I’m not on Facebook, but when I check weather on my computer, I get a sidebar of widgets, (love that word), that is every bit as good as FB for misinformation, from what I’m told.

So, there I am, trawling along through non-news, political rants, hundreds of chocolate-chip cookie recipes and other trivia, when I spy a household hint, called a hack, more about that later, for cleaning stains on a mattress.

I never click to open. Never. I simply enjoy swimming along, checking out the bait.

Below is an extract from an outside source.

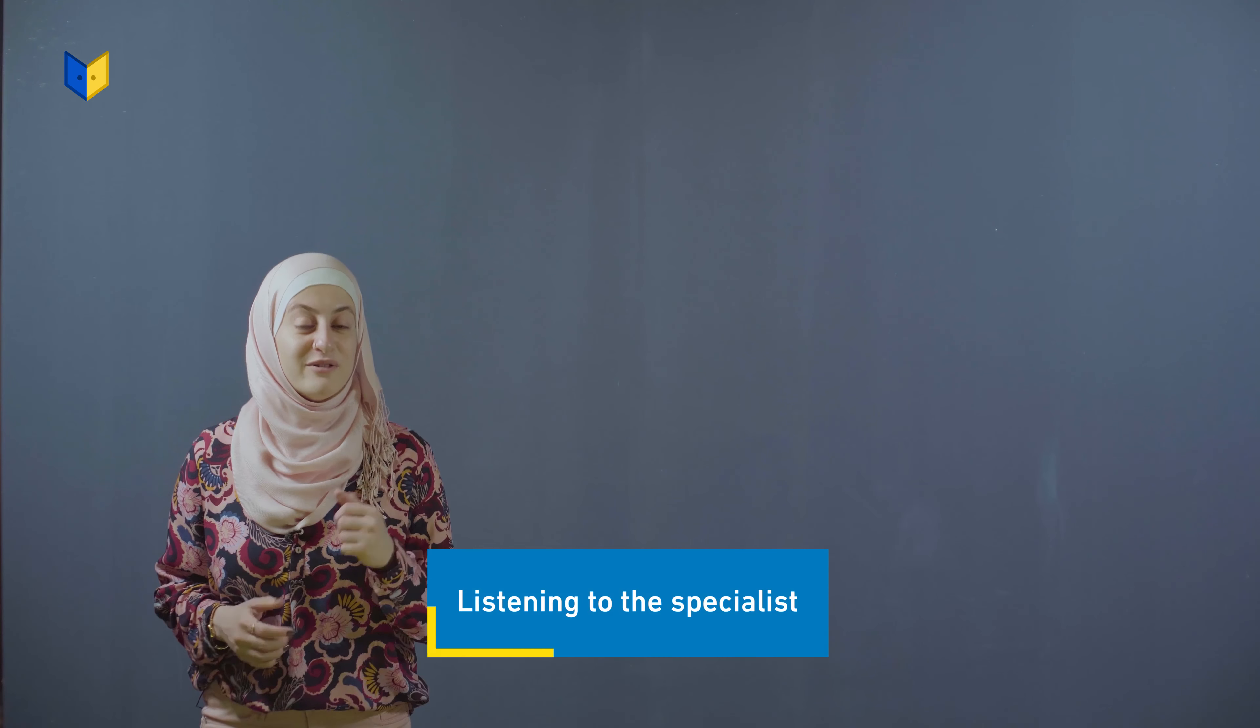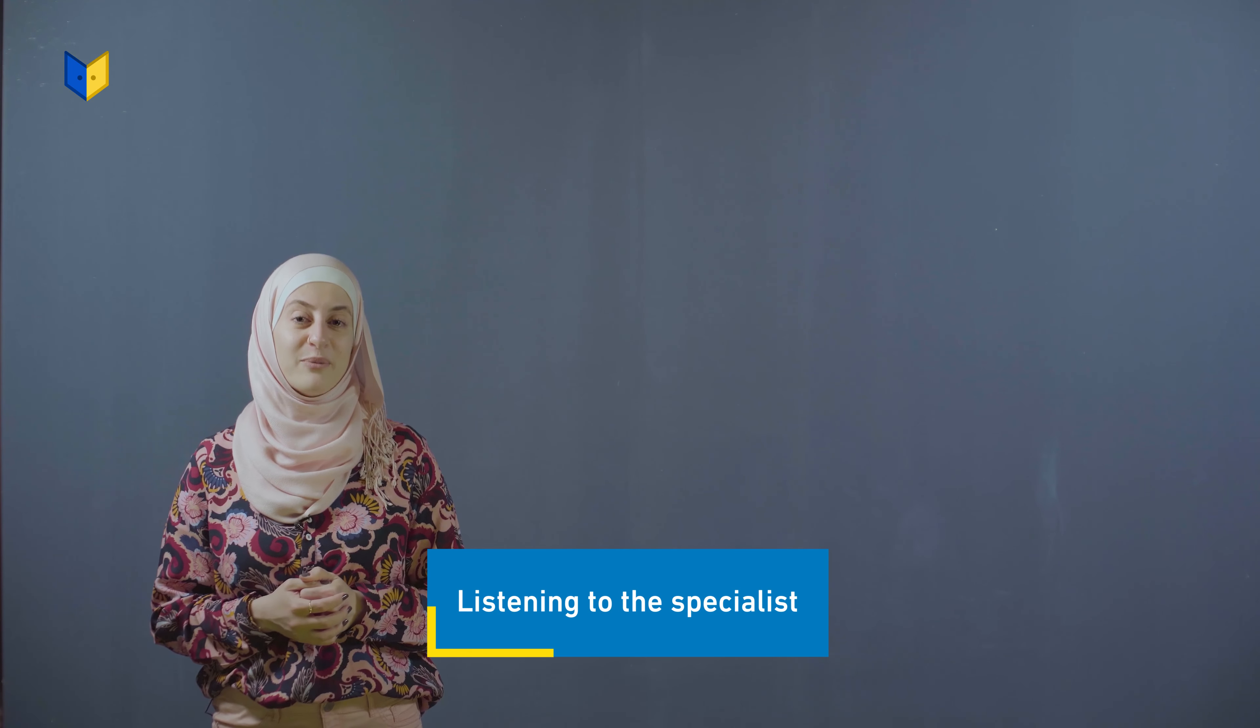Hello, everyone. Now we're going to listen to an expert talking about the types of learners. Let's listen together.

If I do bite, my computer unhelpfully deluges me with similar suggestions, all at odds with each other, each claiming to be the right one. Like religion. 

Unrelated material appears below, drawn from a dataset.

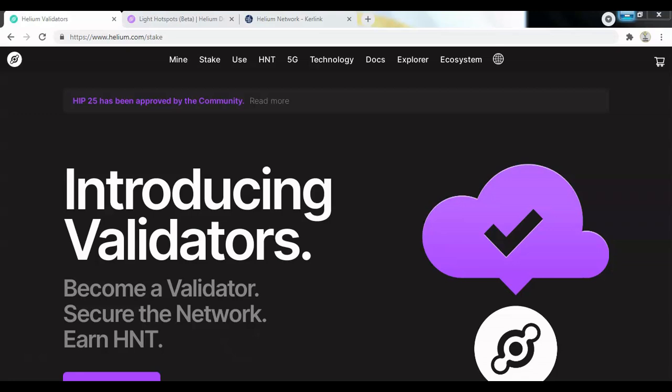Validators will be designated computers and servers that will stake a minimum of 10,000 HNT tokens. Those will eventually start producing blocks on the network, writing those blocks and also reaching consensus on the blocks to make sure that they are permanently secured on the blockchain. That is the function that the block validators will be taking over for the foreseeable future.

However, after my last surgery I was bed-bound for a month. My new lovely mattress garnered stains. I had it professionally cleaned so it is clean but still stained.

I took the bait, swallowed the hook. I clicked. I jotted down the recipe for the cleaner, which called for 1/3 tablespoon of dish soap.

I kid you not. One-third (1/3) tablespoon?

 Do our schools no longer teach basic weights and measurements? Well, here is a hack for you, my dear child. One Tablespoon equals three teaspoons. Three teaspoons equal one Tablespoon. In the olden days, for clarity, we would write, 3 t = 1 T. Like a scientific formula. Therefore, 1/3 tablespoon is 1 teaspoon. Simple.

Let me digress with a rant about the evolution of the word, hack. Or is it devolution? To me, hack is an ugly word, mean, right up there with slay, pillage, bully, chop, cut, sever. Bloodletting.

Immediately I picture hacking through the blackberry brambles with a machete, trying to clear a space for a garden. I know. Old school.

Then we all got computers and, voila, hack changed to mean some elusive somebody, get out your tin hat, who wriggled through a crack in your firewall and stole all your private information, no matter that most of it is boring.

I struggle to understand how hack came to be equated with helpful. Along with Helen’s Household Hints, Matt’s Mechanical Magic, Gert’s Garden Genius, and so on.

Not only does each hack claim to be the right way to proceed with whatever the project, the person sharing (?) the hack, loudly attempts to convince you that you have been doing it wrong all your life. As have your parents and grandparents. Each way to do mostly simple things lays claim to be minutely different. Each way is the right way. Most importantly, no matter what, your way is the wrong way, because, obviously if you are wrong, you want to know how to be right.  And, there is a helpful product to help you onto the right way. Ka-ching. Clever.

On second thought, perhaps hack is positively the best word.

No longer do we need take the information we possess, sit quietly in front of the problem, turn it this way and that way, seek advice and help if necessary, from an actual person, come to an understanding, and fix the problem if it is fixable.

Choose a hack, gather the products suggested, follow the You Tube video, and done. Easy-peasy. No thinking necessary. I have been assured there are hacks for absolutely everything. No need to call on the skills of a plumber, an electrician, a mechanic, or any other trained person.

Me, like I said, I’m old school. I’ve a feeling the electrician, the mechanic, the agronomist, are patiently waiting for the hackers to screw up.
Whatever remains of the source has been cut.